Persulfate-based advanced oxidation technology is widely used in water treatment, and the key is to develop catalysts showing excellent performance. In this study, an N-doped graphene aerogel (N-GA-2) with a three-dimensional macroscopic structure was prepared by chemically reducing graphene oxide using ethylenediamine (EDA) and was used to activate peroxymonosulfate (PMS) for sulfamethoxazole (SMX) degradation. N-GA-2 has high pyridinic N content (5.84 at.%), and shows excellent catalytic performance in the activation of PMS. The SMX degradation rate was 94.11% within 90 min, and the first-order reaction rate constant was 0.0231 min−1. Furthermore, the adsorption of SMX on N-GA-2 was chemisorption, and the maximum adsorption capacity (qm) was 250.00 mg/g. Quenching experiments and electrochemical tests confirmed that the electron-transfer pathway was the main reason for SMX degradation. X-ray photoelectron spectroscopy and density functional theory revealed that pyridinic N, adjacent C atoms and electron-rich C = O functional groups were involved in the degradation of SMX. Specially, pyridinic N functioned as dual reaction sites for both SMX adsorption and PMS activation. The formation of SMX/N-GA-2* and N-GA-2/PMS* complexes, dominated by pyridinic N, enabled the completion of electron-transfer pathways.

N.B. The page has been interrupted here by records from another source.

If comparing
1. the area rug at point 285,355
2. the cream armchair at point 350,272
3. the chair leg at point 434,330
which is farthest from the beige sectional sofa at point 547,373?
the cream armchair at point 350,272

In addition, N-GA-2/PMS/SMX system demonstrated superior continuous catalytic performance in fluidized-bed experimental facility simulating practical applications, which can stably and sustainedly degrade SMX. This study focuses on the mechanism of electron transfer pathway induced by nitrogen dual reaction site in N-doped graphene aerogel and explores its potential application in engineering. This will provide basic theoretical support for the practical application of N-GA-2/PMS catalytic system.